Spotlight Series: All About Rigatoni

Few pasta pair with sauce as well as rigatoni does with bolognese and other meat sauces. The big, hollow, ridged tubes are made for capturing these comforting sauces inside and out, providing the perfect bite every time. Still popular in Italy, especially in Sicily, rigatoni is a classic pasta the whole family will love.

DeLallo Rigatoni pasta

DeLallo Rigatoni: Fast Facts

  • Category: Tubular, ridged pasta
  • Meaning: “Ridged” in Italian
  • Cook Time: 12 to 13 minutes
  • Place Of Origin: Rome, Italy
  • Main Ingredients: Durum wheat, water
  • Possible Substitutes: Mezzi rigatoni, ziti, tortiglioni

Shop DeLallo Rigatoni and Mezzi Rigatoni:

What Is Rigatoni?

Rigatoni is a classic Italian pasta from Rome. Named for their ridged exteriors, the medium sized, hollow tube shaped pasta are experts at capturing hearty sauces and ingredients like bolognese, ground beef, sausage, and peppers. Their hefty size also makes them good for baking, tossed with sauce and topped with melty cheese for good measure.
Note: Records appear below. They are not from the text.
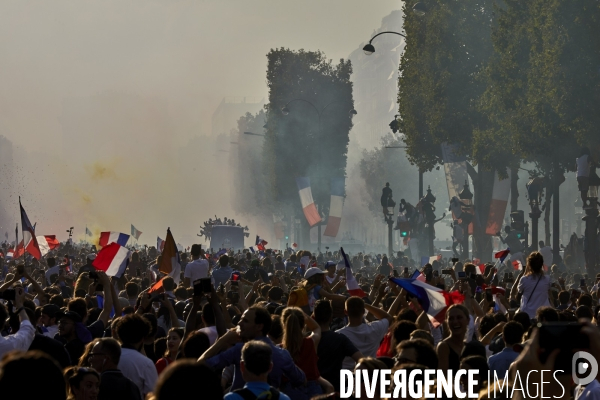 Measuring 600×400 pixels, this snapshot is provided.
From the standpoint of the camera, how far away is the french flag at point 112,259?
573 inches

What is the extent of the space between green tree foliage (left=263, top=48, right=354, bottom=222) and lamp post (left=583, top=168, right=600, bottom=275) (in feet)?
123

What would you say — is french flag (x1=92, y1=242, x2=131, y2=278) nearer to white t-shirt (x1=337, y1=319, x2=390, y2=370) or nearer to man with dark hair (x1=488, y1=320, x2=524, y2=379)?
white t-shirt (x1=337, y1=319, x2=390, y2=370)

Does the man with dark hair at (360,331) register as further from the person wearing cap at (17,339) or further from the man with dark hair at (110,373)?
the person wearing cap at (17,339)

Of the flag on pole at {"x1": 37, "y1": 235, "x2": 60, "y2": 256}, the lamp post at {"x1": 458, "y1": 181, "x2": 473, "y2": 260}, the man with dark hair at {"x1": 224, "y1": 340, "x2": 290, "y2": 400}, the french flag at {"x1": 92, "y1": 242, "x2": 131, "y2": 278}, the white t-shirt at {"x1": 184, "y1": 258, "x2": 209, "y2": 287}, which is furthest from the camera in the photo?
the lamp post at {"x1": 458, "y1": 181, "x2": 473, "y2": 260}

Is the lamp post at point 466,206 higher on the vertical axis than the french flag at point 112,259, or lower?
higher

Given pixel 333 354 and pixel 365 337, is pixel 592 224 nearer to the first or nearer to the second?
pixel 365 337

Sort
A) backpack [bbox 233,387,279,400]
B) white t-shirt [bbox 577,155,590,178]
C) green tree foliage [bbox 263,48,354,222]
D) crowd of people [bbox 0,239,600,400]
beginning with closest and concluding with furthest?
crowd of people [bbox 0,239,600,400]
backpack [bbox 233,387,279,400]
white t-shirt [bbox 577,155,590,178]
green tree foliage [bbox 263,48,354,222]

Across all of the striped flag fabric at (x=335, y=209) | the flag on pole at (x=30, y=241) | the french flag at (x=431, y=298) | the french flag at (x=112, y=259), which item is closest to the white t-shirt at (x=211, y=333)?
the french flag at (x=431, y=298)

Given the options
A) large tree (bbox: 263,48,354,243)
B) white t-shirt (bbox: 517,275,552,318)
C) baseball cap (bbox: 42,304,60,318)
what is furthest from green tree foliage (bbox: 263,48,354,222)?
baseball cap (bbox: 42,304,60,318)

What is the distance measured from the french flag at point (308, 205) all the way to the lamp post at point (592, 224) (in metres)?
16.6

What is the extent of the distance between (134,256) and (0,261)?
5.88 meters

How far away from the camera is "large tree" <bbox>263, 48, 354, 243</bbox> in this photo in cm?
6625

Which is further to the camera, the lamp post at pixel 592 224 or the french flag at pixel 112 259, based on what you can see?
the lamp post at pixel 592 224

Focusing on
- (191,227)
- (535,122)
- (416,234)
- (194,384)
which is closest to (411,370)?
(194,384) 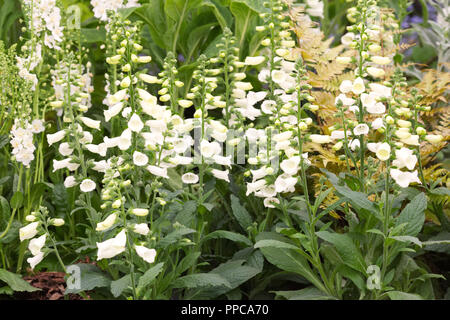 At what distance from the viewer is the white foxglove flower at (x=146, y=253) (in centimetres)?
182

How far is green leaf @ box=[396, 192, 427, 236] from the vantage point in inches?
81.7

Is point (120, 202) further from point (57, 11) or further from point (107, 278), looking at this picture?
point (57, 11)

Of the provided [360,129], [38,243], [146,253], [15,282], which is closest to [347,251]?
[360,129]

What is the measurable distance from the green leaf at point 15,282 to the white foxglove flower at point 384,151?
1.42 meters

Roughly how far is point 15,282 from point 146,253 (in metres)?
0.81

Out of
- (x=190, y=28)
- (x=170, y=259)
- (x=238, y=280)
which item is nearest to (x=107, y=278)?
(x=170, y=259)

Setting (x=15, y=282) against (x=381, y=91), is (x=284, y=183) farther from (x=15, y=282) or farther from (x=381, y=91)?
(x=15, y=282)

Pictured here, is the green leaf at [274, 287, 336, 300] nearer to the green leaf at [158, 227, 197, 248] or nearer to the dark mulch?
the green leaf at [158, 227, 197, 248]

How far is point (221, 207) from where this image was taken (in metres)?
2.78

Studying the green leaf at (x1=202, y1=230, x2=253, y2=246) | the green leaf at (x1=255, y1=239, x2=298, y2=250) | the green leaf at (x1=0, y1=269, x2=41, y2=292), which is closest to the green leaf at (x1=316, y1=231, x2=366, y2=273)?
the green leaf at (x1=255, y1=239, x2=298, y2=250)

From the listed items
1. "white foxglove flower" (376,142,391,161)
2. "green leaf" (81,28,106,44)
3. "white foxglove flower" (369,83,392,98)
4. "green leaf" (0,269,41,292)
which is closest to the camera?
"white foxglove flower" (376,142,391,161)

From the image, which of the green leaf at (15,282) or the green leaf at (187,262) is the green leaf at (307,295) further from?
the green leaf at (15,282)

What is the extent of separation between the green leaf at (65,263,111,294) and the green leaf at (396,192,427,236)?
1.08 meters

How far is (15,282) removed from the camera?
2357mm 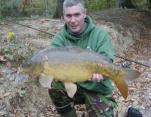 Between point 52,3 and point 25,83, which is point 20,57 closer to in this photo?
point 25,83

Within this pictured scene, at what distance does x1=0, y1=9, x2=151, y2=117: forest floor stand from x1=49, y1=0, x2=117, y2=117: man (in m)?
0.95

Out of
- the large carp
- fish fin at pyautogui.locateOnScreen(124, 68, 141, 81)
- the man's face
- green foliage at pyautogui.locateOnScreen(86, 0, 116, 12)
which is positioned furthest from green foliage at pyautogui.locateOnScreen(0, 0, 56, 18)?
fish fin at pyautogui.locateOnScreen(124, 68, 141, 81)

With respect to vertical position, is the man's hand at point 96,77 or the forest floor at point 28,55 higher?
the man's hand at point 96,77

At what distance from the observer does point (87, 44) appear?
4.79 m

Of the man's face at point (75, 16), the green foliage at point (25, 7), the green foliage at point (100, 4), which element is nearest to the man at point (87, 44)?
the man's face at point (75, 16)

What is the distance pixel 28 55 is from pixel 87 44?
7.52 ft

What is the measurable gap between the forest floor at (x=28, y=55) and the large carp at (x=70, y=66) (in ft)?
4.84

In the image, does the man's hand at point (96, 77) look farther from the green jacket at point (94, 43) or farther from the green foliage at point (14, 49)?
the green foliage at point (14, 49)

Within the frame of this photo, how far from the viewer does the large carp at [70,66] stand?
4.30 meters

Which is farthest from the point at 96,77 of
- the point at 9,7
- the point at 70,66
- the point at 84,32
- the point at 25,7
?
the point at 25,7

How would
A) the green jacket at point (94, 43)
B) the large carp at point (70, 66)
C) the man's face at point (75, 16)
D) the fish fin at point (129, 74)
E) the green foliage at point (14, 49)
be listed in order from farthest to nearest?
the green foliage at point (14, 49), the green jacket at point (94, 43), the man's face at point (75, 16), the fish fin at point (129, 74), the large carp at point (70, 66)

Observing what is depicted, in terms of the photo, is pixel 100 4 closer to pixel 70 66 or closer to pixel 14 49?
pixel 14 49

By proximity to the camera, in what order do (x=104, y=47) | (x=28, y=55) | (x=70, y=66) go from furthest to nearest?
(x=28, y=55) → (x=104, y=47) → (x=70, y=66)

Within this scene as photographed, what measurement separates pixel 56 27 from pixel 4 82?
402cm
Singular piece of rigatoni pasta

The Origin Of Rigatoni And And Its Brief History

Rigatoni comes from Rome, and its production wasn’t possible until some mechanization was introduced into pasta making. The pasta’s signature ridges (rigatoni translates to “ridged”) cannot be added by hand, so the pasta must be extruded through dies to produce its unique texture. Still eaten in Rome, the pasta is popular in various parts of Italy, but especially Sicily.

How Is Rigatoni Made And What Is It Made Of?

Rigatoni is made by creating a dough of semolina flour and water. The dough is then fed into a machine and forced through bronze dies which form the pasta’s hollow, tubular shape with distinct ridges on the outside. The tubes are cut into medium lengths, and the pasta is either sold fresh or, more commonly, dried and packaged.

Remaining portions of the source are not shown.